All lines from the one containing "this 900×599 image." through the last line below must be duplicated exactly, with nothing outside that span.

[Text-to-region grounding data]
*** Begin section ***
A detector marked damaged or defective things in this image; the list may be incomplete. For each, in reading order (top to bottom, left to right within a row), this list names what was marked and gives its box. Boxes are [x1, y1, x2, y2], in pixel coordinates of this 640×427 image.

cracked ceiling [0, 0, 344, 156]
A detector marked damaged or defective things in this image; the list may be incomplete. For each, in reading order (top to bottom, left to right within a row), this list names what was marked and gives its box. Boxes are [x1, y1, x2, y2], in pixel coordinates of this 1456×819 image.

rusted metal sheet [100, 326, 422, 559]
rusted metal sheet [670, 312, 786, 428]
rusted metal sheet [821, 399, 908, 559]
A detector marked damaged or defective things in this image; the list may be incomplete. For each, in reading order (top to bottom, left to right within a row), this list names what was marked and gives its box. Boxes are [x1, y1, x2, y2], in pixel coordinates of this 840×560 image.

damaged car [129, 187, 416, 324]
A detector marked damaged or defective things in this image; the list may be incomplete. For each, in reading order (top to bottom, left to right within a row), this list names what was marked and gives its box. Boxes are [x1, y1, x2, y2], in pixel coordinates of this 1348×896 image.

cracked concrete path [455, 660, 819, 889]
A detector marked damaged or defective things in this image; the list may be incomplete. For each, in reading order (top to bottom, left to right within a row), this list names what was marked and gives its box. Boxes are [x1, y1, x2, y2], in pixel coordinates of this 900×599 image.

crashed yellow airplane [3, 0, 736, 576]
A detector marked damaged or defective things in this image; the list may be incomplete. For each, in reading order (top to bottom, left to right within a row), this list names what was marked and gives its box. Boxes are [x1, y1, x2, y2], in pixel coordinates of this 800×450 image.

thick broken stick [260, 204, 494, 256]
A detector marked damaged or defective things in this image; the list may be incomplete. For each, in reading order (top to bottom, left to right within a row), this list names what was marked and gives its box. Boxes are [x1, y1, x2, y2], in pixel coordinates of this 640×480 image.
*** End section ***
* RESPONSE:
A detector marked damaged or defective things in this image; the list may be incomplete. For each, in reading order (top to bottom, left to right within a row), this list names what was marked and gives its box. Boxes are [x1, y1, x2, y2], in pixel coordinates of this 900×599 image.

crashed yellow airplane [3, 0, 736, 576]
A detector marked damaged or defective things in this image; the list may be incomplete. For each, in reading order (top to bottom, left to right within a row), this list names what was marked and gives its box. Boxes are [x1, y1, x2, y2], in pixel coordinates of this 800×450 image.

thick broken stick [260, 204, 494, 256]
A detector marked damaged or defective things in this image; the list may be incomplete. For each, in reading order (top to bottom, left to right within a row), this list names what was marked and gives its box. Boxes are [x1, y1, x2, y2], in pixel coordinates of this 640×480 image.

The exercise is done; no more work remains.